• Sonuç bulunamadı

2.1. Programlı Öğretim Yöntemi

2.1.9. Programlı öğretim yöntemi ile ilgili araştırmalar

Darnowski (1968) yapmış olduğu araştırmada, lise kimyasında öğrencilerin nükleer kimyanın prensiplerini akılda tutma ve öğrenme üzerine, programlı materyallerin ve geleneksel demonstrasyon yönteminin etkisini incelemiştir. Deney grubunu oluşturan öğrencilere nükleer kimyanın prensipleri konusu programlı basamaklar kullanılarak işlenmiş, kontrol grubunu oluşturan öğrencilere ise nükleer kimyanın prensipleri konusu geleneksel demonstrasyon yöntemi ile işlenmiştir. Araştırmanın sonucunda, deney grubu öğrencilerinin kontrol grubu öğrencilerinden daha başarılı olduğu gözlenmiştir [11].

Cassidy (1973) yapmış olduğu araştırmada, öğrenme hızını kendilerinin belirlediği öğretim yöntemleri ile geleneksel öğretmen merkezli öğretim yöntemlerinin etkililiğini incelemiştir. Elde edilen sonuçlara göre araştırmacı, öğrenme hızını kendilerinin belirlediği öğretim yöntemlerinde, kitap şeklinde basit doğrusal programlar veya kart şeklinde programlar kullanılarak daha sonra yapılacak olan çalışmalara fazlasıyla açık olduğunu belirtmiştir [11].

Hoz (1979) yapmış olduğu araştırmada, matematik öğretiminde buluşsal modellerin kullanımına yönelik, programlı öğretim yönteminin etkisini incelemiştir. Araştırma,

ortaöğretim dokuzuncu sınıf öğrencileri üzerinde gerçekleştirilmiştir. Deney grubu, üçgen çizimleri için programlı öğretim yöntemi ile bilgi işleme buluşsal modeli üzerinde çalışmıştır. Aynı zamanda, deney grubu uygulamaya kontrol grubundan daha düşük yeteneklerle başlamıştır. Uygulama sonrasında elde edilen verilere göre, deney grubu ile kontrol grubunun öğrenme testinde aynı başarıya sahip olduğu ve bellek testinde deney grubunun kontrol grubundan daha başarılı olduğu bulgularına ulaşılmıştır [28].

Hızal (1982) yapmış olduğu araştırmada, matematik öğretiminde programlı öğretim yöntemi ile geleneksel öğretim yönteminin öğrenci başarısına etkisini incelemiştir. Araştırma, Cebeci Ortaokulu birinci sınıfında öğrenim gören 90 öğrenci üzerinde gerçekleştirilmiştir.
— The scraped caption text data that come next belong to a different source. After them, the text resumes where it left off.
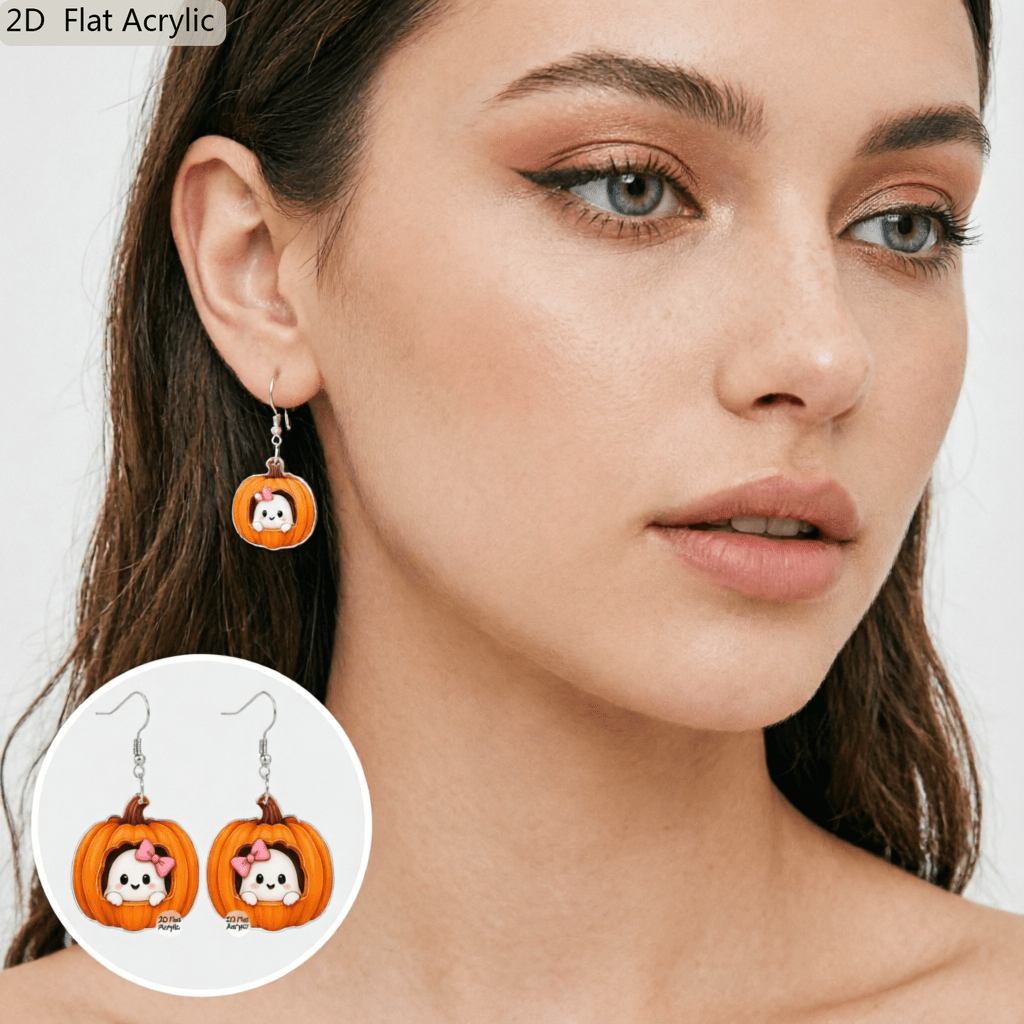 Cute Bow Ghost Inside Pumpkin Acrylic Dangle Earrings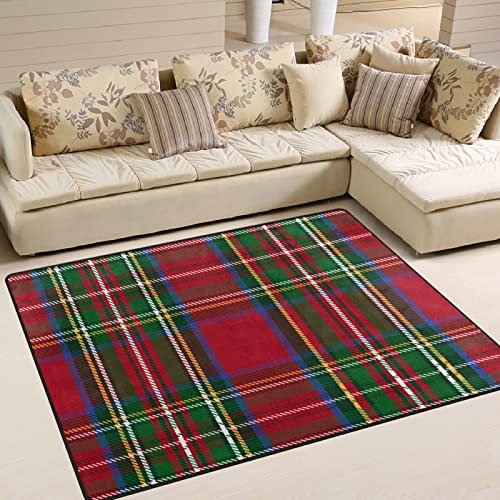 Teppich Weihnachten Rot und Grün Schottenkaro Kariert Gestreift Muster Rutschfest Wohnzimmer Teppich Gemütlich Schlafzimmer Home Urlaub Dekor Geschenk Kinder Spielmatte 160 x 122 cm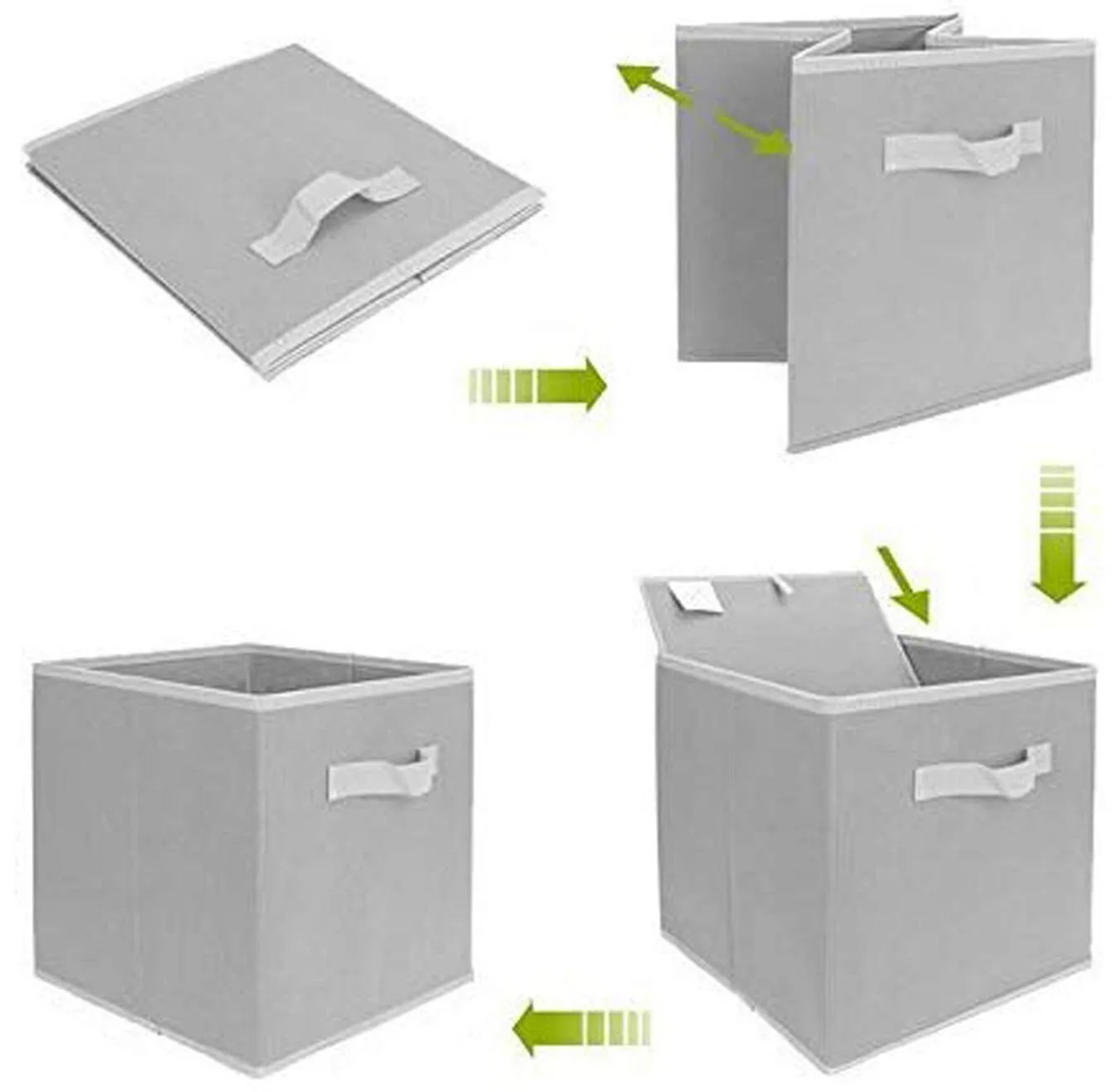 Kuber Industries Non Woven 6 Pieces Large Foldable Storage Organiser Cubes/Boxes (Black) - CTKTC035223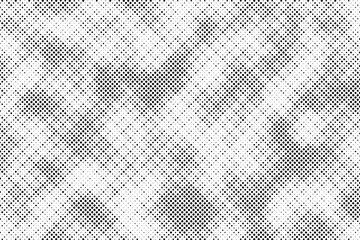 Grunge halftone gradient background. Faded grit noise texture. White and black sand wallpaper. Retro pixelated backdrop. Anime or manga style comic overlay. Vector graphic design textured template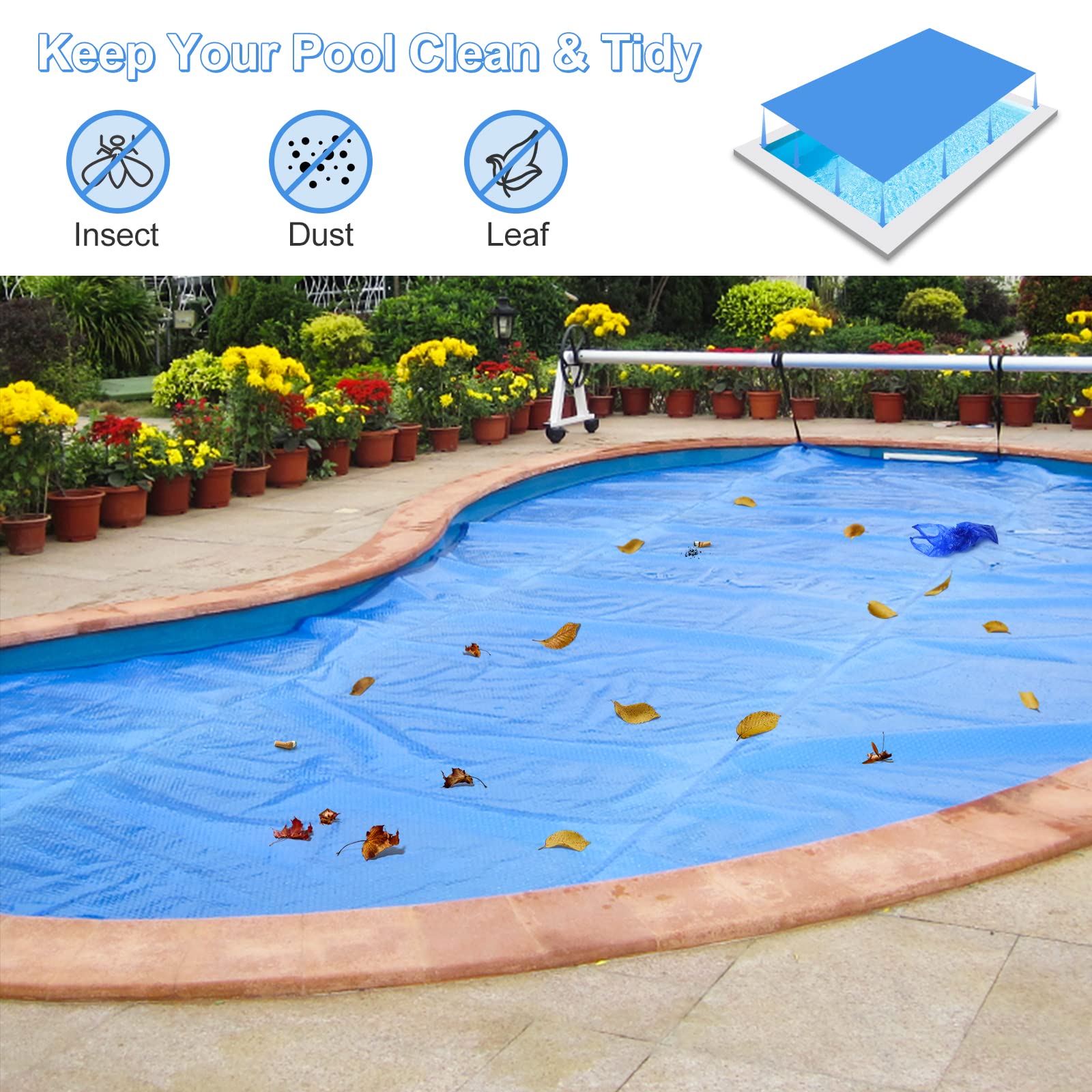 S AFSTAR 18ft x 36ft Pool Cover, Rectangle Swimming Pool Cover with Carry Bag, Waterproof & Dustproof Heavy Duty Pool Cover, 12-MIL Heat Retaining Pool Solar Blanket for Above-Ground & In-Ground Pools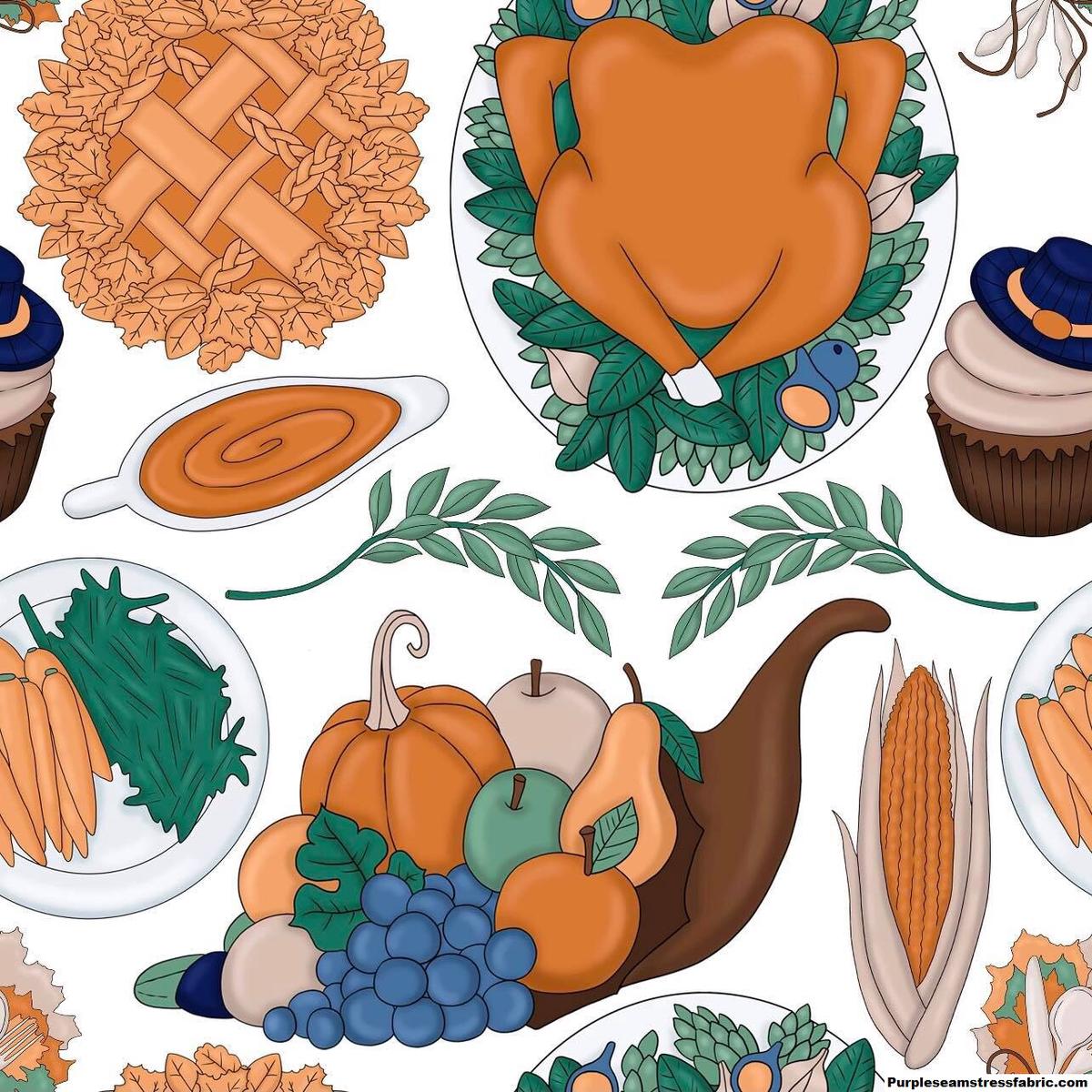 Turkey Day Feast  Fabric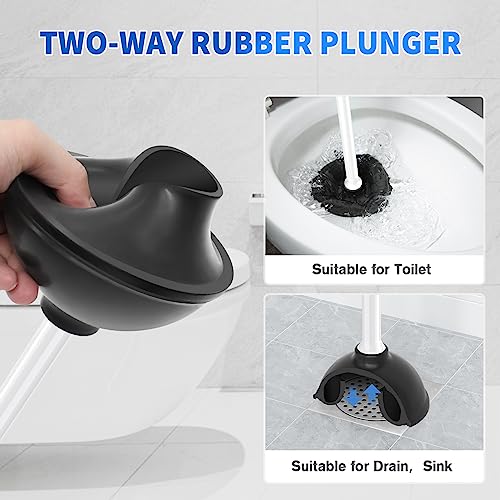 LOVLOY Toilet Plunger and Brush, Bowl Brush and Heavy Duty Toilet Plunger Set with Ventilated Holder, 2-in-1 Toilet Brush and Plunger Combo for 5.3-inch Toilet Drain Bathroom Cleaning (White) - color: White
Araştırmanın sonucunda, matematik öğretiminde programlı öğretim yönteminin uygulandığı deney grubunun, geleneksel öğretim yönteminin uygulandığı kontrol grubuna göre daha başarılı olduğu bulunmuştur [9].

Eshiwani (1985) yapmış olduğu araştırmada, Kenya’daki lise öğrencilerine matematik dersinde, olasılık konusunun öğretiminde, programlı öğretim, geleneksel öğretim ve birleştirilmiş programlı öğretim yönteminin öğrenci başarısına ve öğrencilerin performansına etkisini incelemiştir. Araştırma, 354 lise öğrencisi üzerinde gerçekleştirilmiştir. Öğrenciler rastgele üç gruba ayrılmıştır. Gruplardan birine programlı öğretim, diğerine geleneksel öğretim ve bir diğerine de birleştirilmiş programlı öğretim yöntemi uygulanmıştır. Araştırmanın sonucunda, programlı öğretim ve birleştirilmiş programlı öğretim yönteminin uygulandığı gruplarda öğrenci başarısının, geleneksel öğretim yöntemine göre daha fazla olduğu bulunmuştur. Aynı zamanda, programlı öğretim ve birleştirilmiş gruplarda öğrenci performansının, geleneksel öğretim yönteminin uygulandığı gruptan daha fazla olduğu bulunmuştur [29].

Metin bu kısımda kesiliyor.